Chilean politician (1883–?)

Eduardo Cañas Lira (born 3 October 1883) was a Chilean agriculturist, journalist, and politician. A member of the Radical Party, he served as a deputy during the XXXVII Legislative Period of the National Congress of Chile, representing the 14th Departamental Grouping between 1933 and 1937.

== Biography ==
Cañas Lira was born in Osorno on 3 October 1883, the son of Javier Cañas and Rosa Lira. He married Luisa Rivera Reyes, with whom he had five children. He completed his teacher training at the Escuela Normal of Valdivia.

He worked as an agriculturist and journalist. From 1929 onward, he focused on agricultural activities, exploiting the estates “Santa Luisa” and “Los Laureles” in Linares. He held advisory roles in the Caja de Colonización Agrícola, the Viticulture Committee of the Ministry of Agriculture, and the Sociedad Nacional de Agricultura for more than twenty years.

He founded and served for seventeen years as president of the Vitivinicultural Cooperative of Linares and Villa Alegre. He was also president of the Agricultural and Dairy Cooperative of Linares and the Sugar Beet Producers’ Cooperative, participating in the establishment of the IANSA sugar plant in Linares. In 1916, he was commissioned by the Chilean government to explore foreign markets for Chilean agricultural products, and between 1919 and 1920 he initiated wine and barley exports to Japan.

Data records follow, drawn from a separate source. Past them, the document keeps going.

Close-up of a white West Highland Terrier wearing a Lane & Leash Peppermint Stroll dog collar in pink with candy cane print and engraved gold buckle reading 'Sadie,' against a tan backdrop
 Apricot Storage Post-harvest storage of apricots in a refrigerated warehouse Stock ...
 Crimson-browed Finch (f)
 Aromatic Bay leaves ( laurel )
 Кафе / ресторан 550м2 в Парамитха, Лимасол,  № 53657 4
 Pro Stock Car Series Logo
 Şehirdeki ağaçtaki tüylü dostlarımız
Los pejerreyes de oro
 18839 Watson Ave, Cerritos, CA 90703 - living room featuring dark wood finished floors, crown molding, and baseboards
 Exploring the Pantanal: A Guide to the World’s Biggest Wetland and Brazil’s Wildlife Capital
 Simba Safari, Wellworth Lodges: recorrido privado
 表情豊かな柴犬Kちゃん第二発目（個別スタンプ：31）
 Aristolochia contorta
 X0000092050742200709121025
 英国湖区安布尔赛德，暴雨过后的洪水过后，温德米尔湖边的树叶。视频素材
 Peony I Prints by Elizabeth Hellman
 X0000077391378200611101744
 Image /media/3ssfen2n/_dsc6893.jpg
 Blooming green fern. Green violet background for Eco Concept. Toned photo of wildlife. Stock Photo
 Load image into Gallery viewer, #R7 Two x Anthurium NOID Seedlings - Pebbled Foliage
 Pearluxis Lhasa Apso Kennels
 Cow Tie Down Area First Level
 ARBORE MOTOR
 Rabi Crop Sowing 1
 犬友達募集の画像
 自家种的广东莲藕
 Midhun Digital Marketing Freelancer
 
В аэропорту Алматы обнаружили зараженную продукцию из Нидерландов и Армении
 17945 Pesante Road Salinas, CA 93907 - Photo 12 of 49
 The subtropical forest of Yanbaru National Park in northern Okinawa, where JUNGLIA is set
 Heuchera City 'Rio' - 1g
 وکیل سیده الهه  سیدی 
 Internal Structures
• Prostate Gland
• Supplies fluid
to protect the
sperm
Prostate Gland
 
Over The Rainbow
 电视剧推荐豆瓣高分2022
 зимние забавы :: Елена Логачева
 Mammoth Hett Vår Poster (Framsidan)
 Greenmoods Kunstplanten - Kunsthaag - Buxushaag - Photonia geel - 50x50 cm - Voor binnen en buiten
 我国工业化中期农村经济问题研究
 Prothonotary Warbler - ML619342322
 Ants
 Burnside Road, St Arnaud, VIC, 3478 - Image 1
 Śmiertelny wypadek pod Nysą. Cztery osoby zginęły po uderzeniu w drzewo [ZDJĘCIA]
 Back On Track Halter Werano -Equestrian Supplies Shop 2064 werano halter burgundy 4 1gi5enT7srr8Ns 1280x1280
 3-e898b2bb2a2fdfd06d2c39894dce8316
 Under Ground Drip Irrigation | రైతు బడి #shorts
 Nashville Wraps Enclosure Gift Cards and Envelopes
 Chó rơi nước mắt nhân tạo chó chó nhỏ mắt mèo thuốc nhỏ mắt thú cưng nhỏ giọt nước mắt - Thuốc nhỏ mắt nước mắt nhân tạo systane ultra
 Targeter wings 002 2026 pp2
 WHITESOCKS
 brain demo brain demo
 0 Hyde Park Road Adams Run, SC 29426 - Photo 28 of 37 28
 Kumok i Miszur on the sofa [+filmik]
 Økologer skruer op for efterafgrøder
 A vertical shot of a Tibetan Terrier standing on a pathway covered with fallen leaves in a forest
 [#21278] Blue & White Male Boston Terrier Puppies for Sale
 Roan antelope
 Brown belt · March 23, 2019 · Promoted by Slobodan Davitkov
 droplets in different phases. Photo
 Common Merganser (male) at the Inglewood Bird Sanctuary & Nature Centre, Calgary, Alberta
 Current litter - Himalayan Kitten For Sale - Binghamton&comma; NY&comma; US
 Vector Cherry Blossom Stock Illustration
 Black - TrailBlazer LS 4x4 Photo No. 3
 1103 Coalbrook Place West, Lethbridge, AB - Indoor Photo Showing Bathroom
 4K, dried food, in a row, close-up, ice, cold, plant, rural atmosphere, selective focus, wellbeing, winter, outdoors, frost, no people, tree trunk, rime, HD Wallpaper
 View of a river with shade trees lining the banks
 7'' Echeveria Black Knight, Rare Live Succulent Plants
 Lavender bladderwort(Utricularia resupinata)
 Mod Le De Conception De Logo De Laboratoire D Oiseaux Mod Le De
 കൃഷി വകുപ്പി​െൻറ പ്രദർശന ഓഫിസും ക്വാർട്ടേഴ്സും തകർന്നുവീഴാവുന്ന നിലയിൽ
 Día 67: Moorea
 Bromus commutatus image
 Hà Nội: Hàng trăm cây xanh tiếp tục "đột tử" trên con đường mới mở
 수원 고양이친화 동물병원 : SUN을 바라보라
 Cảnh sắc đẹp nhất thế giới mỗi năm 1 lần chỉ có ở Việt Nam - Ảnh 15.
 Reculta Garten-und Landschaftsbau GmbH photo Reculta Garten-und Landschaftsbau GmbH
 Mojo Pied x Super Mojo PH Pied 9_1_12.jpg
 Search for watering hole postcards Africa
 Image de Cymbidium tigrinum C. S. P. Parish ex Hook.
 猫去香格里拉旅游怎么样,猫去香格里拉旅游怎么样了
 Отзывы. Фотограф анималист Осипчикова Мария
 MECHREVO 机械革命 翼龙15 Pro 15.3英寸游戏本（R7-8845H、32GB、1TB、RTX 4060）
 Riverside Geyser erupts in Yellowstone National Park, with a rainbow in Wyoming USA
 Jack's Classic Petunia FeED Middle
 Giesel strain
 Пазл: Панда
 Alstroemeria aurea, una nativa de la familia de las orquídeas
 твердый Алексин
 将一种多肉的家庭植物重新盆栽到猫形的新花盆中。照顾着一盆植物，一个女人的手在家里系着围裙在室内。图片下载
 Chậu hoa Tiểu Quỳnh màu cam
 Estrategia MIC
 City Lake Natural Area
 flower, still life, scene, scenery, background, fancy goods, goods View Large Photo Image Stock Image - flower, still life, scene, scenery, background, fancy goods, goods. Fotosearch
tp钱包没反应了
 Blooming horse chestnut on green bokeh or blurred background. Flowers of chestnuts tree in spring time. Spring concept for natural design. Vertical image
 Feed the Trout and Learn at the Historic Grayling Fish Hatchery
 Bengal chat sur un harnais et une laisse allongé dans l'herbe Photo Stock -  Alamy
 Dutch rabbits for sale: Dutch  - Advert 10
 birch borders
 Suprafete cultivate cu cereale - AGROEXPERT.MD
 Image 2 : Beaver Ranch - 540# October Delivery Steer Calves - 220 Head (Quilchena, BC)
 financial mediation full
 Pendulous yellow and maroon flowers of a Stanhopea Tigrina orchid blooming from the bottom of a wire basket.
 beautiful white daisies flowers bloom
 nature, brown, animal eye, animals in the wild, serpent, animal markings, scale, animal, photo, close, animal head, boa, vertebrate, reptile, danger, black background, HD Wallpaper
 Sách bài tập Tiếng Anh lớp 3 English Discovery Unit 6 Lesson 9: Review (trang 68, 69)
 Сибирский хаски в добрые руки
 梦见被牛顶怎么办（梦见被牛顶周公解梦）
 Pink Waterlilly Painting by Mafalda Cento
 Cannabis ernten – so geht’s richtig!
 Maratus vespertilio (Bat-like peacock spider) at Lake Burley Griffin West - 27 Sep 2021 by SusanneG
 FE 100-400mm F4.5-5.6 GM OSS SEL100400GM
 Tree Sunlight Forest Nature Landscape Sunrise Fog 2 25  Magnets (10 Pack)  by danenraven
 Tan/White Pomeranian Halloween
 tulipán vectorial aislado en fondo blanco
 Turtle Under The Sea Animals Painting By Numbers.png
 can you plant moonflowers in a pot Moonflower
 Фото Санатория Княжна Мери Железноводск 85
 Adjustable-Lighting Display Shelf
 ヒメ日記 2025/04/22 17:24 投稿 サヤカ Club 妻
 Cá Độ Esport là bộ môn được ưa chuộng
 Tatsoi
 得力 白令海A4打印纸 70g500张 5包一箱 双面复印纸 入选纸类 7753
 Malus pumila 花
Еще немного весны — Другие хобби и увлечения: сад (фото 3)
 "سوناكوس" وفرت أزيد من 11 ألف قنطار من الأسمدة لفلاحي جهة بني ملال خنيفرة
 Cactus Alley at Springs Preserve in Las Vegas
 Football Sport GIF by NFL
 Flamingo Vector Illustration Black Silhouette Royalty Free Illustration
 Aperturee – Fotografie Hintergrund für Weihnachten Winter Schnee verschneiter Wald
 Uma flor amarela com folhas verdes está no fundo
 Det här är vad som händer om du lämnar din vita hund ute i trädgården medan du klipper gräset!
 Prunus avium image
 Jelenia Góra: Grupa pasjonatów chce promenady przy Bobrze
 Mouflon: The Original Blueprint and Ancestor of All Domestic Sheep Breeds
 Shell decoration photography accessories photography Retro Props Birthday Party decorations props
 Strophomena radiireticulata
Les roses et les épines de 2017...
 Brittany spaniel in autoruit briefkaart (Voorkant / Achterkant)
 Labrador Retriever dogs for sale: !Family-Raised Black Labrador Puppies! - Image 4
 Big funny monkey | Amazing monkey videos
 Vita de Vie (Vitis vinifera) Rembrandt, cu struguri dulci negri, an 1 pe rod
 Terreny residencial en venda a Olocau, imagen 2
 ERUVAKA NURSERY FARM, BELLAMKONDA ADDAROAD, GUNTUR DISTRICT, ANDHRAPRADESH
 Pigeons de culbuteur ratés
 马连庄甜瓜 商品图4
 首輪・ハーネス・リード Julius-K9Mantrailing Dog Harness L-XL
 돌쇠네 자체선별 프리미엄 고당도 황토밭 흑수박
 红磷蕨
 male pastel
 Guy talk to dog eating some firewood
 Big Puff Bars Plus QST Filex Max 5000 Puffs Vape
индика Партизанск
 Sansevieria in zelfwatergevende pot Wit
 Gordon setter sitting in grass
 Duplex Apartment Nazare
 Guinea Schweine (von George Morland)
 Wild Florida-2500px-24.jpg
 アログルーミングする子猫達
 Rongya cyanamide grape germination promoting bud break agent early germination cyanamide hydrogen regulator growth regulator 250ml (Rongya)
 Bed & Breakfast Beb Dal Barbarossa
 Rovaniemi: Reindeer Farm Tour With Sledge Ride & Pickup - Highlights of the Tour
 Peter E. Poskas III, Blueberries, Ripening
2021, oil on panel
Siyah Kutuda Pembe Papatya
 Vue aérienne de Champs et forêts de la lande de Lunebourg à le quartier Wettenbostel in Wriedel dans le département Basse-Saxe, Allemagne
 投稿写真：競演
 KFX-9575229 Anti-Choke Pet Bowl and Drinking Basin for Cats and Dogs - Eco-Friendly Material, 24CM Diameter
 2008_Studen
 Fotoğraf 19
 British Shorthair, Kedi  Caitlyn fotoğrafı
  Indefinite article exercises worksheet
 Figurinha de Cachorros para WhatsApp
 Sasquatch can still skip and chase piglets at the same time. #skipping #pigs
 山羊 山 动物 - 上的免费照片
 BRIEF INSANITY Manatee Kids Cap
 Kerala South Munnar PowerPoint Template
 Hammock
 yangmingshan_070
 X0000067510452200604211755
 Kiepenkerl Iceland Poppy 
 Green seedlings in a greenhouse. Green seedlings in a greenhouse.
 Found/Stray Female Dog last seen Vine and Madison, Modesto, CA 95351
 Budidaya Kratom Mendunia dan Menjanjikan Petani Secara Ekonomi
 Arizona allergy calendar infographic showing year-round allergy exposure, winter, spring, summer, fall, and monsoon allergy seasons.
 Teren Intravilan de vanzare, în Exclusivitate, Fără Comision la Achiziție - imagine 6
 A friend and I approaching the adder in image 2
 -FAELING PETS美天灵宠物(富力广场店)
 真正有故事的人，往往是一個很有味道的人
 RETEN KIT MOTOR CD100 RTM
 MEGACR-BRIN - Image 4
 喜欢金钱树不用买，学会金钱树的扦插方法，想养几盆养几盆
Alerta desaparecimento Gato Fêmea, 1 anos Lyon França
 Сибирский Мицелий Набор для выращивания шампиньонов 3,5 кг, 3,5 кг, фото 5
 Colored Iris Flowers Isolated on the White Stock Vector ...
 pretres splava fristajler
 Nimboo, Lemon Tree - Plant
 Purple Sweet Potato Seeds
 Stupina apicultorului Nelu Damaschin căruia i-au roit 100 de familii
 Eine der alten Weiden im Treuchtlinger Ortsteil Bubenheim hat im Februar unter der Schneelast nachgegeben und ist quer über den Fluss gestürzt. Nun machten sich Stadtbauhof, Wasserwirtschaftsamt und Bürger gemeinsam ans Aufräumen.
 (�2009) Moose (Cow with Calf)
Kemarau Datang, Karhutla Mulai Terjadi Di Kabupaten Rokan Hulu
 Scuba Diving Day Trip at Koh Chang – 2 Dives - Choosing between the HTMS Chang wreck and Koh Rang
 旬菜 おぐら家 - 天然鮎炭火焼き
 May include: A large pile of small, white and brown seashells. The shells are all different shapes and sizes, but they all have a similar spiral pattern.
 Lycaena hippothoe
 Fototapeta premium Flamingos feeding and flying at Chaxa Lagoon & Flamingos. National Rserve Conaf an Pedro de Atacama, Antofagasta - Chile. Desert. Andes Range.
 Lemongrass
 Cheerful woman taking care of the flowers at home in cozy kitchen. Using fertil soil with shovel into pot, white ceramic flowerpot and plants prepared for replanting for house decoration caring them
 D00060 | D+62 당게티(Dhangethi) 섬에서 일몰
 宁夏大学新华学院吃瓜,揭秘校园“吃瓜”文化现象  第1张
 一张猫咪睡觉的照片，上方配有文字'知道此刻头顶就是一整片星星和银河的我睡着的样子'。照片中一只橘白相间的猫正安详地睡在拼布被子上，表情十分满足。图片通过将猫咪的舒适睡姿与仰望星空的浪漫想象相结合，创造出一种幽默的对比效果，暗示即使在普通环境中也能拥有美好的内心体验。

As a journalist, he owned and directed the newspaper La Región of Linares and contributed to El Mercurio of Santiago under the pseudonym “Calir”.

== Political career ==
A member of the Radical Party, Cañas Lira served as vice president of the party in Linares, was its president for ten years, and acted as a delegate to the Radical Central Board.

He was elected deputy for the 14th Departamental Grouping for the 1933–1937 legislative period. During his term, he served on the Standing Committee on Foreign Relations and Trade and acted as substitute member of the Standing Committee on Agriculture and Colonization.